Mr Qaisameh said 3D tumours were increasingly being used instead of 2D sheets of cells and in some instances, instead of animal tests.
“Although animal models may give insight into key biological responses, the anatomy and physiology of animals are profoundly different from those of humans, and there are ethical concerns regarding their use in research,” the researchers wrote.
Their technique, described in a paper titled, Cryopreservable Arrays of Paper-based 3D Tumour Models for High Throughput Drug Screening, uses tiny "microspots" on the paper.
Small aggregations of cancer cells are able to form on these microspots.
To see how effective their method was, the researchers grew 3D breast cancer tumours and tested out a widely used cancer chemotherapy drug, cisplatin.
Tests using the 3D tumours accurately indicated how well the drug worked.
Paper has emerged as an "attractive, simple tool" for growing 3D cell cultures, helped by the nature of cellulose – the main structural chemical of plant cell walls.
Cellulose fibres create an appropriate “niche” for 3D groups of cells to grow.
Until now, however, there has also been a lack of “off-the-shelf” paper-based methods to grow and preserve small 3D tumours.
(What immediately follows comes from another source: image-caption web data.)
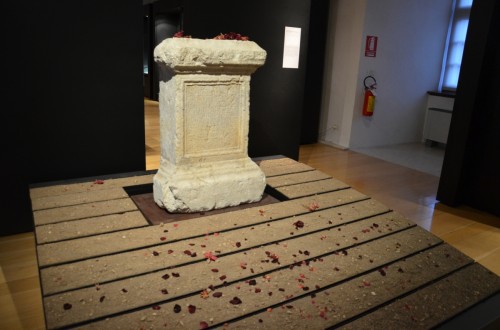 Museo Alto Garda - 6 sala 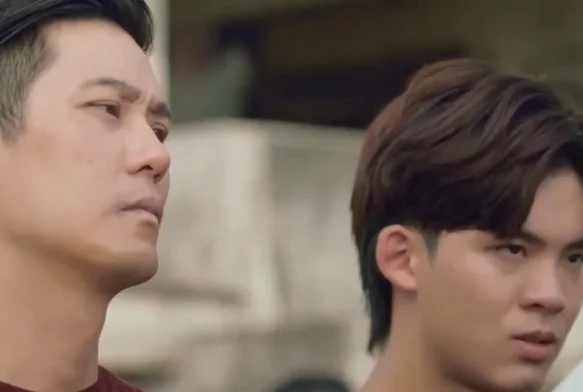 Кадр к 1 серии «Бангкокские парни»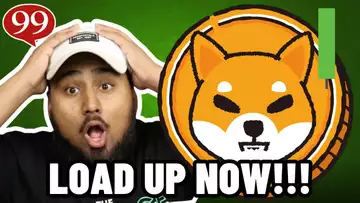 Massive Shiba Inu Pump Incoming!! BUY $SHIB NOW!! Trump Pump is real?!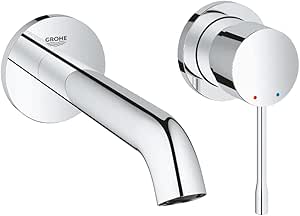 Grohe Essence İki Delikli Lavabo BataryasıM 29192001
Their methods, the NYUAD team said, involved simple, scalable and inexpensive processes.
The researchers said their method could also be applied to personalised or precision medicine, which tailors treatment to the genetic characteristics of a patient’s tumour.
A key emerging way to treat cancer, this improves the effectiveness of treatments and reduces side effects.
Other researchers behind the new study include Bisan Samara, a former research assistant in Dr Qasaimeh’s laboratory and the first author of the paper.